Data provided START
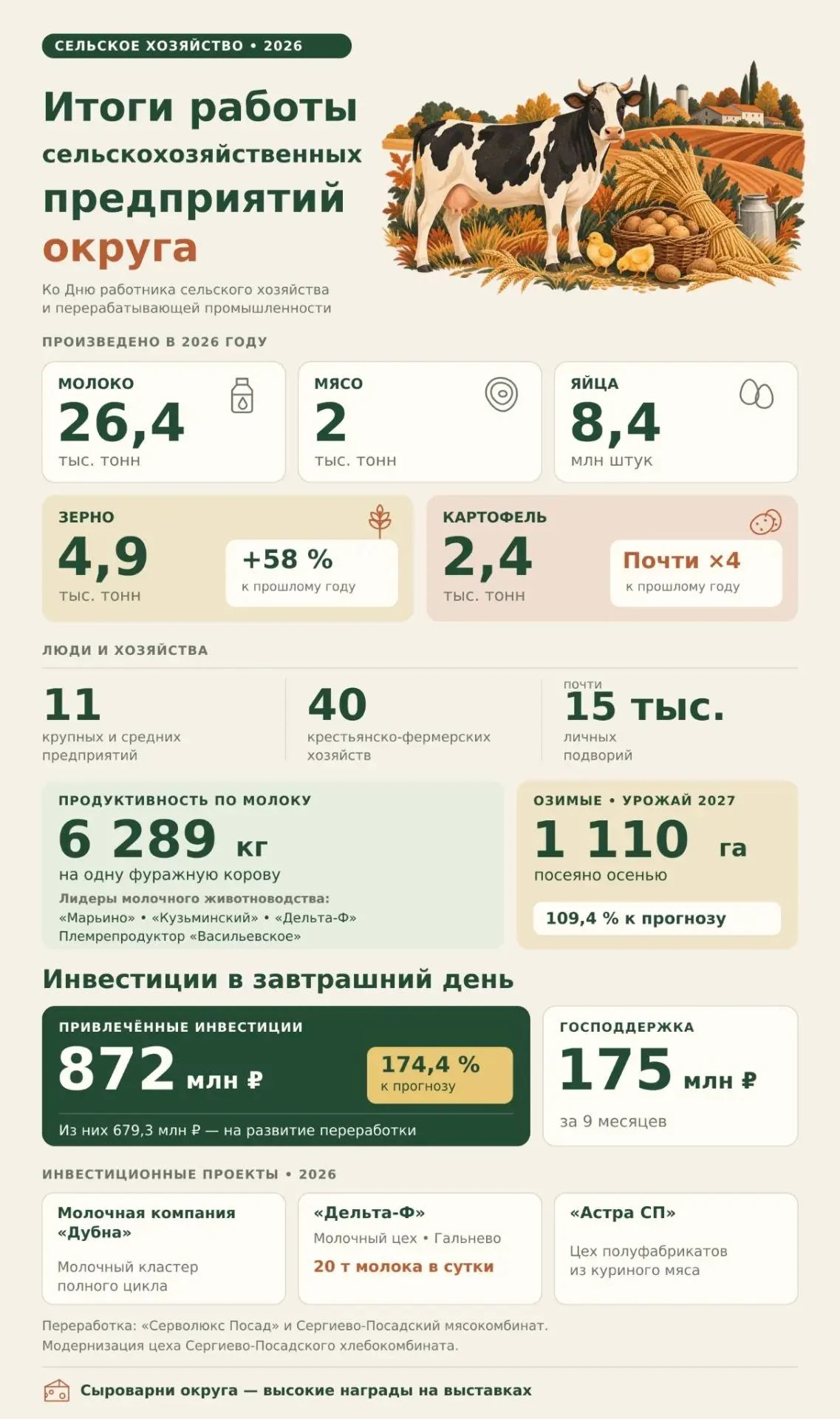 Цыплят по осени считают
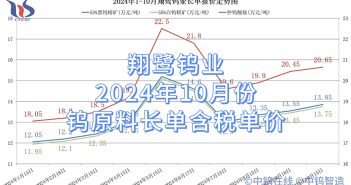 翔鷺鎢業2024年10月份鎢原料長單含稅單價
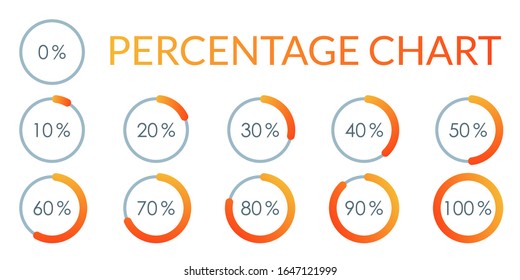 Percentage Pie chart set. From 1 to 10 percent diagram. Circle progress bar for Ui, web and graphic design. Vector illustration.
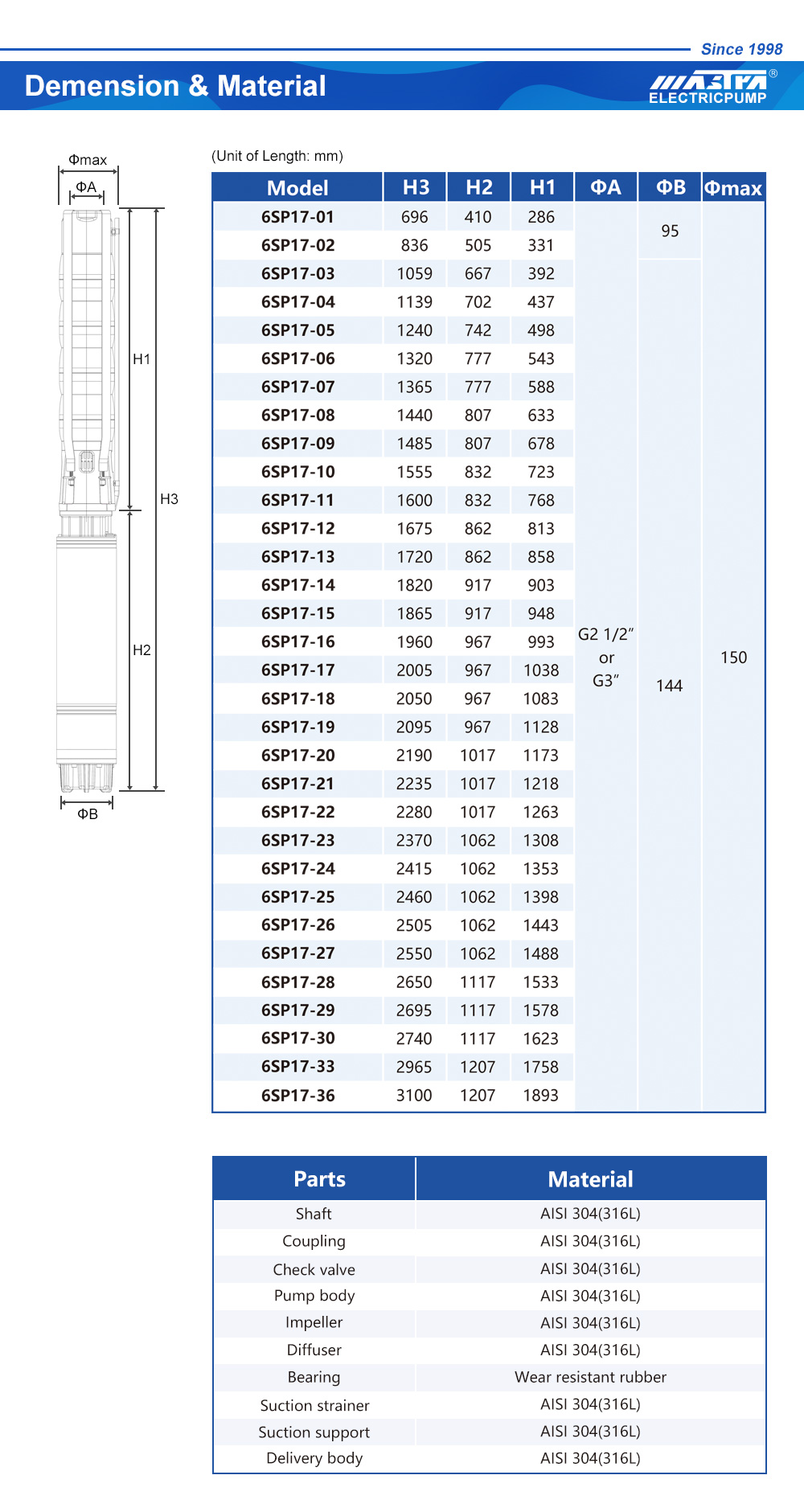 motores de bombas sumergibles para pozos de agua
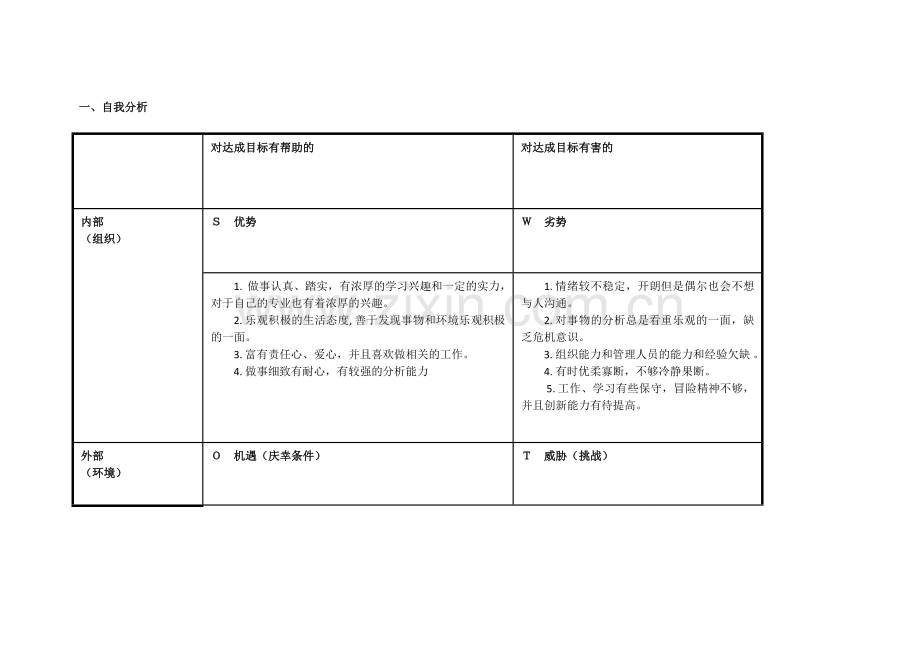 个人自我诊断SWOT分析表（袁在辉）.doc_第1页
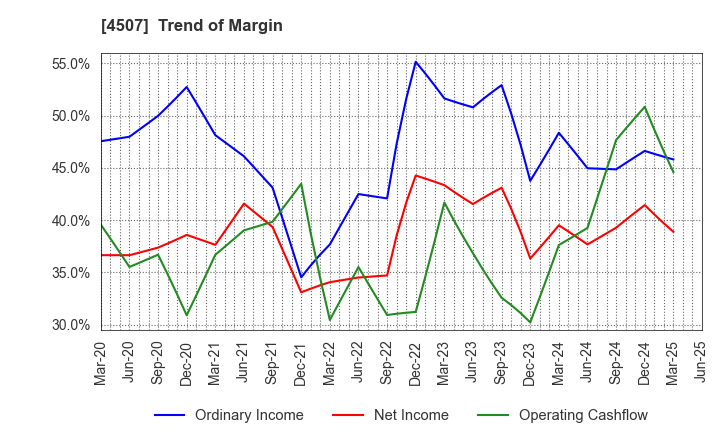 4507 Shionogi & Co.,Ltd.: Trend of Margin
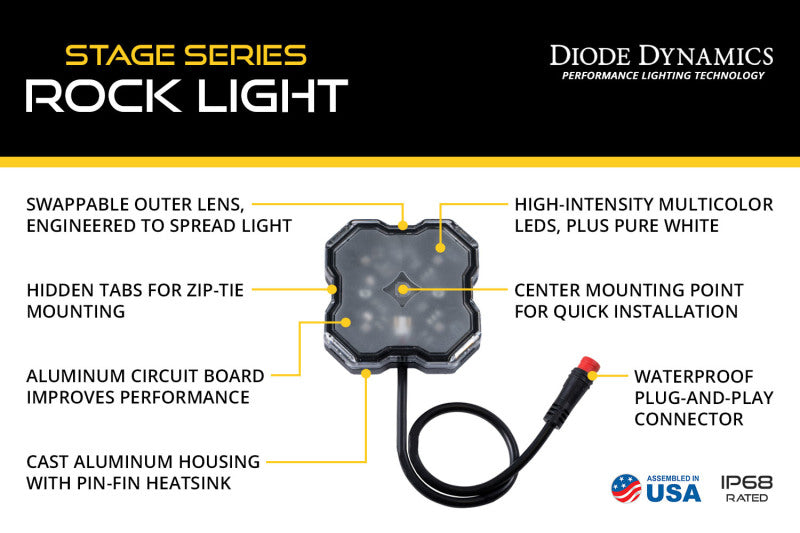 Diode Dynamics Stage Series RGBW LED Rock Light (one) Diode Dynamics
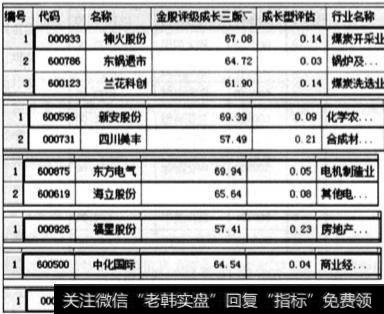 在行情中板块的作用是什么？为什么要板块优先建组合？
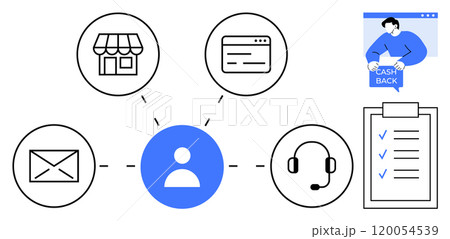 Central figure with blue background connected to icons representing email, shopping, website, customer support, cashback offer, and checklist. Ideal for customer service, support, e-commerce 120054539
Data provided END
What the exercise asks -
Every picture stays out; reproduce exactly the lines from the one with "Diode Dynamics Stage" through the last line of the data above.

Solution to this problem -
 Diode Dynamics Stage Series RGBW LED Rock Light (one) Diode Dynamics
 在行情中板块的作用是什么？为什么要板块优先建组合？
 Central figure with blue background connected to icons representing email, shopping, website, customer support, cashback offer, and checklist. Ideal for customer service, support, e-commerce 120054539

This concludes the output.